Mit der Revision rügt die Familienkasse die Verletzung des § 32 Abs. 4 Satz 1 Nr. 1 EStG.
Sie beantragt, das Urteil des FG aufzuheben und die Klage abzuweisen.
Der Kläger beantragt, die Revision zurückzuweisen.
Entscheidungsgründe
II. Die Revision ist begründet. Sie führt zur Aufhebung des finanzgerichtlichen Urteils und zur Abweisung der Klage (§ 126 Abs. 3 Satz 1 Nr. 1 der Finanzgerichtsordnung --FGO--).
1. Gemäß § 62 Abs. 1, § 63 Abs. 1 Satz 2 i.V.m. § 32 Abs. 4 Satz 1 Nr. 1 EStG 2004 wird ein Kind, das das 18. Lebensjahr vollendet hat, beim Kindergeld berücksichtigt, wenn es noch nicht das 21. Lebensjahr vollendet hat, nicht in einem Beschäftigungsverhältnis steht und bei der Agentur für Arbeit im Inland als Arbeitsuchender gemeldet ist.
a) Wie der Senat mit Urteil vom 19. Juni 2008 III R 68/05, BFHE 222, 349 entschieden hat, wirkt die Meldung eines volljährigen, aber noch nicht 21 Jahre alten Kindes als arbeitsuchend bei der Arbeitsvermittlung der Agentur für Arbeit nur drei Monate fort (vgl. § 38 Abs. 4 Satz 2 des Dritten Buches Sozialgesetzbuch --SGB III--).
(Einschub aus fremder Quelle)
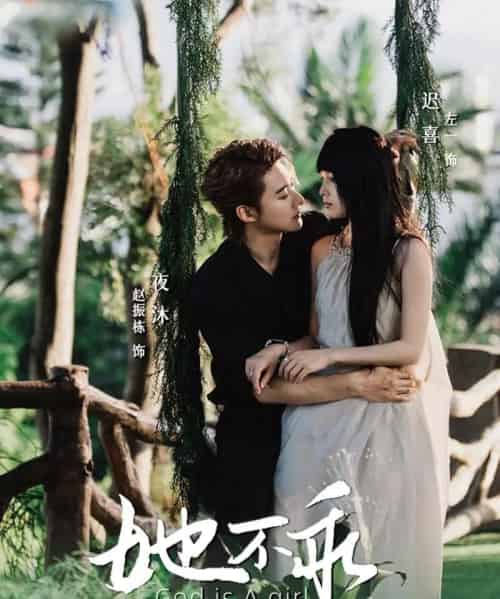 她不乖(77集)赵振栋&左一-初遇资源网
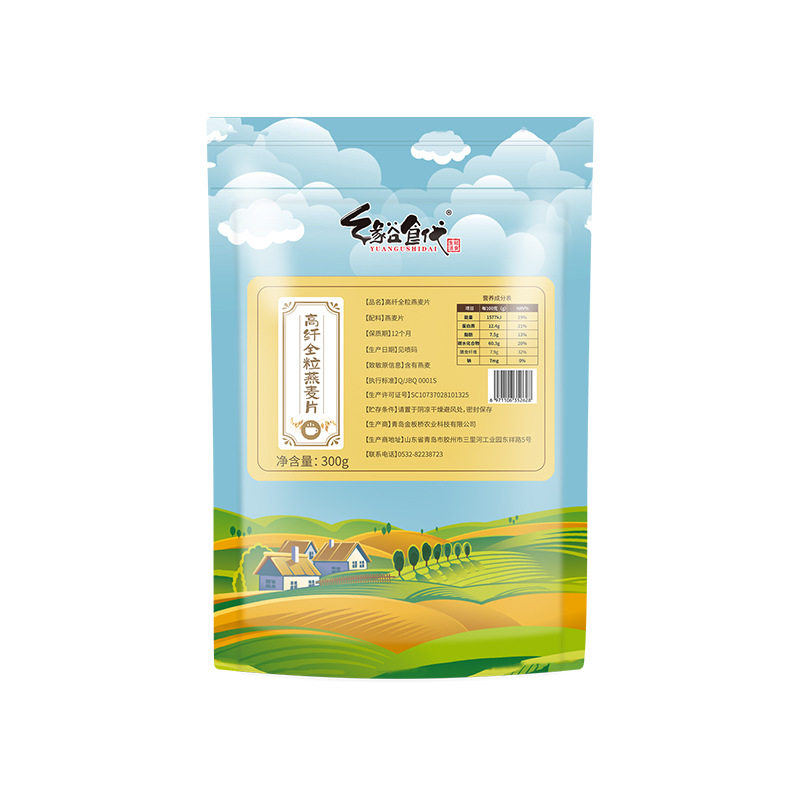 澳洲高纤纯燕麦片高蛋白高膳食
Nach Ablauf dieser Frist muss sich das Kind entgegen der Auffassung des FG erneut als Arbeitsuchender melden, da sonst der Kindergeldanspruch entfällt. Wegen der Einzelheiten der Begründung nimmt der Senat Bezug auf sein Urteil in BFHe 222, 349.
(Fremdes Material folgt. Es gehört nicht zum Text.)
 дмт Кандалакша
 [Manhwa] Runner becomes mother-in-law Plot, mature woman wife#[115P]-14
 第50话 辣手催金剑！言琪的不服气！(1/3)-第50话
b) Wirkt ein arbeitsuchendes Kind nicht ausreichend bei den Vermittlungsbemühungen der Agentur für Arbeit mit, kann die Agentur für Arbeit die Vermittlung gemäß § 38 Abs. 2 SGB III ggf. schon früher einstellen. Versäumt z.B. ein Kind schuldhaft einen von der Arbeitsvermittlung der Agentur für Arbeit festgesetzten Vorsprachetermin, kann die Registrierung als Arbeitsuchender schon vor Ablauf von drei Monaten gelöscht werden. Damit entfällt entgegen der Auffassung des FG aber auch der Kindergeldanspruch ab dem Folgemonat des versäumten Termins; denn nach dem Wortlaut des § 32 Abs. 4 Satz 1 Nr. 1 EStG muss der durch die Meldung begründete Status als arbeitsuchendes Kind durchgängig bestehen, darf also nicht wieder erloschen sein (vgl. Senatsurteil in BFHE 222, 349).
c) Nach der ab 1. Januar 2003 geltenden Neufassung des § 32 Abs. 4 Satz 1 Nr. 1 EStG braucht das volljährige Kind nicht mehr arbeitslos i.S. des SGB III zu sein, es genügt vielmehr, dass das noch nicht 21 Jahre alte Kind nicht in einem Beschäftigungsverhältnis steht und bei einer Agentur für Arbeit im Inland als Arbeitsuchender gemeldet ist. Hiernach genügt abweichend von der Auffassung des FG die Meldung als Arbeitsuchender; die übrigen Merkmale der Arbeitslosigkeit i.S. des § 119 Abs. 1 SGB III wie Eigenbemühungen und Verfügbarkeit brauchen nicht mehr nachgewiesen zu werden (Senatsurteil in BFHE 222, 349).
d) Ist streitig, ob das Kind sich bei der Arbeitsvermittlung der Agentur für Arbeit gemeldet hat oder ob es schuldhaft einen Vorsprachetermin versäumt hat, hat das FG die Entscheidung unter Berücksichtigung aller Umstände des Einzelfalles, ggf. unter Anhörung des Kindes oder Zeugeneinvernahmen zu treffen; die Entscheidung ist vom BFH nur eingeschränkt überprüfbar. Dabei obliegt der Nachweis für die Meldung des Kindes oder das schuldlose Terminversäumnis dem Kindergeldberechtigten. Die besondere Mitwirkungspflicht unter Einbeziehung des über 18 Jahre alten Kindes sieht § 68 Abs. 1 EStG ausdrücklich vor (Senatsurteil vom 19. Juni 2008 III R 66/05, BFHE 222, 343). Pauschale Angaben, das Kind sei stets bei der Agentur für Arbeit als arbeitsuchend gemeldet oder habe keine Einladungen zu einem Vorsprachetermin erhalten, genügen nicht.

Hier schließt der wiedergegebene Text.